Experts admit the findings are worrisome, but note the additional risk,
if confirmed, may still be low because it is believed there is very
little bovine spongiform encephalopathy -- mad cow disease -- in current
cattle herds.


Good News and Bad
"I don't want to provoke hysteria here," senior author Dr. Adriano
Aguzzi said in an interview from Zurich, where he is a researcher at the
institute of neuropathology at University Hospital.

"The bad news is that the prions are likely to distribute in the body
more broadly than we would have thought possible -- and that's obviously
bad news.

"But ... the good news is there is very little BSE left in Europe and
there has always been very little BSE in North America."

A prion expert at the University of Toronto said if the findings are
confirmed in cows -- the research was done in mice -- current
regulations aimed at keeping high-risk meats from entering the food
chain will have to be reconsidered.

"The specified risk material ban is to protect us from being exposed to
BSE prions. If there's a way for BSE prions to circumvent this barrier
to actually propagate in muscle [meat], then we're in trouble again,"
Dr. Neil Cashman said.

"I think it's a clear threat and it deserves ample consideration."

Too Early?
But the director of animal health laboratory services at the Canadian
Food Inspection Agency said it is too soon to conclude the risk of
acquiring variant Creutzfeld-Jakob disease -- the human form of BSE --
from eating beef is higher than previously thought.

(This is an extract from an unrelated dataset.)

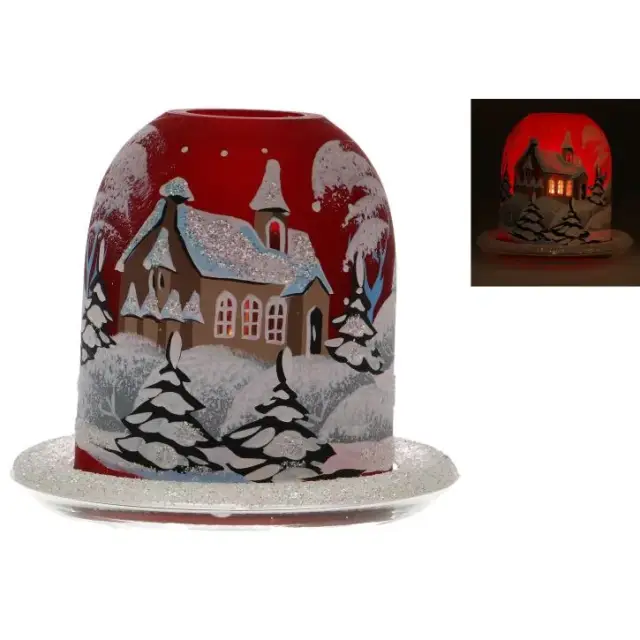 Kerstcandelaar rood + theelichtje 12 Cm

"Are we concerned about it? Too early to tell," Dr. Shane Renwick said.

"We certainly are very interested in it. And I think there'll be a lot
of interest around the world in this research. But it is preliminary in
nature."

Renwick defended the current regulations, built around ensuring that
tissues considered high risk -- brains and spinal cord, gut and
lymphatic tissue -- don't enter the food chain.

"Given what we know I think the firewall is excellent," he said from
Ottawa.

The research was published online Thursday by the journal Science.

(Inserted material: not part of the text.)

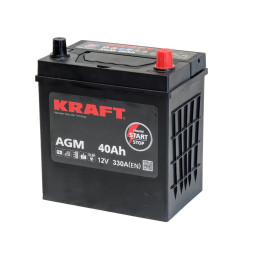 Аккумулятор KRAFT AGM Asia 40 JR (40 А·ч / 330 А) для легковых автомобилей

Researchers from Zurich, the Institute of Neurology in London and Yale
University School of Medicine set out to see if there was a link between
inflammation and prions.

Their theory was that inflammation might provoke migration to and
propagation of prions in tissues where they are not normally found.

Prions Widespread
The scientists injected prions into mice suffering from one of five
different conditions causing inflammation in the kidney, pancreas or
liver. (Those organs, normally thought to be prion-free, were randomly
selected.) They then looked to see if they could detect the misfolded
proteins in those organs.

They did, in all of the mice.

"Three organs, five different inflammatory conditions -- this makes a
very tight case," Aguzzi said.

"I have hardly any doubt that these findings can be extrapolated to
additional organs as well."

Cashman pointed out a caveat, calling it "a ray of hope." The prions
used in the experiment were the type that cause scrapie, the
brain-wasting disease that afflicts sheep.

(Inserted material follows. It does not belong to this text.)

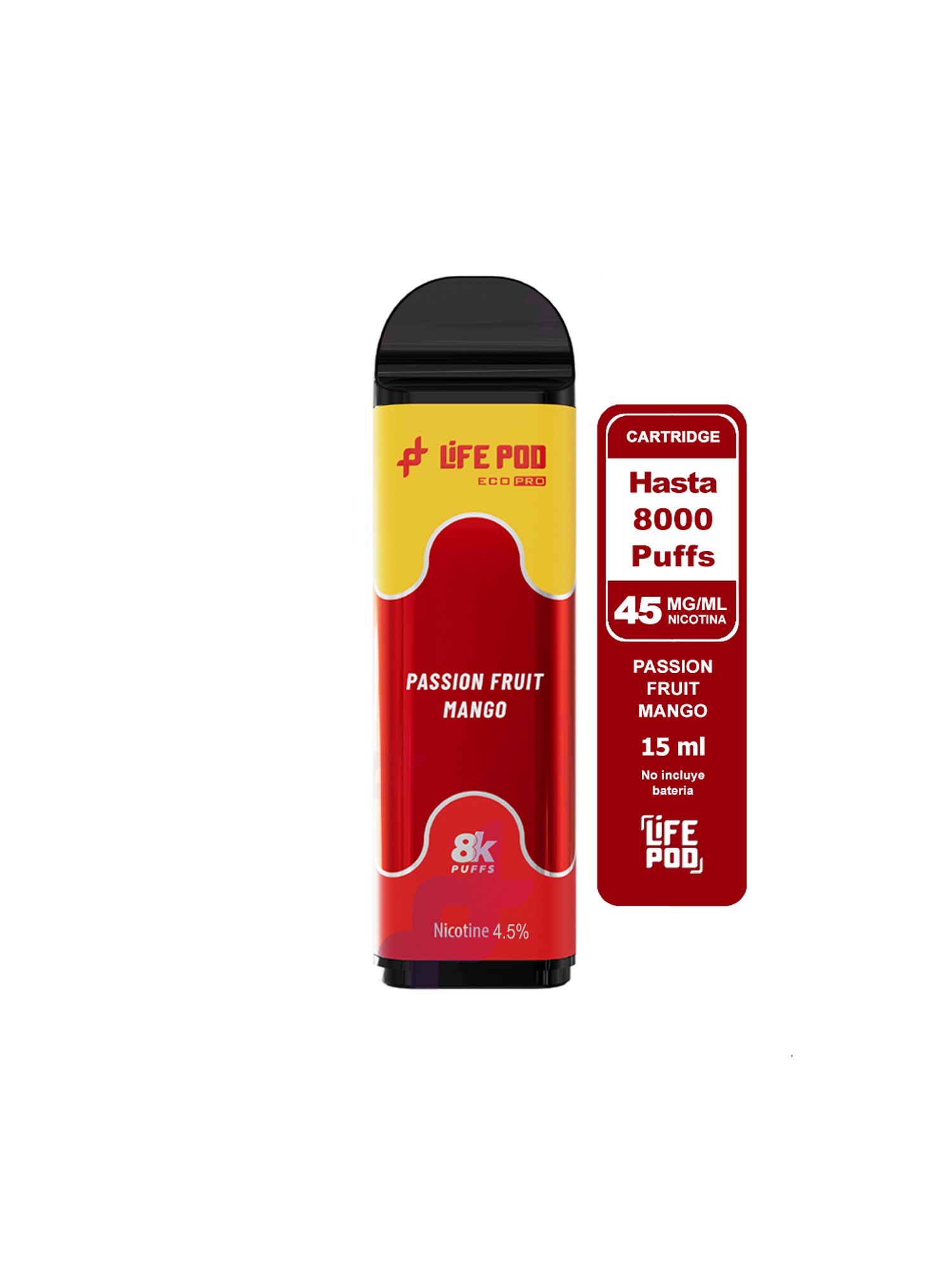 Recarga 8000 Puff Passion Fruit Mango 4.5%-Life Pod 1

Scrapie is believed to have jumped the species barrier to cows --
triggering BSE -- but has not been found to be a direct risk to humans.

The scrapie prion and the one that cause BSE don't work exactly the same
way, Cashman noted. But it's crucial that additional research is done to
see if what happens in mice will also happen in cattle.

"Clearly the experiments have to be done with inflamed bovine muscle,"
he said.

Aguzzi agreed, but said he cannot work with such large animals in the
laboratories in Zurich. Instead, his team is testing the thesis in
sheep.

"I predict that they [the results] are probably very well extrapolated
to sheep," he said.

"I don't know how much of this will hold true for the cow and this needs
experimentation. It could be either way."

In the interval, authorities should stringently enforce regulations
aimed at ensuring sick cows don't make it into the food chain, Aguzzi
said. "If sick cows were reliably not entering the human food chain,
then there would be no reason to worry because of our new findings."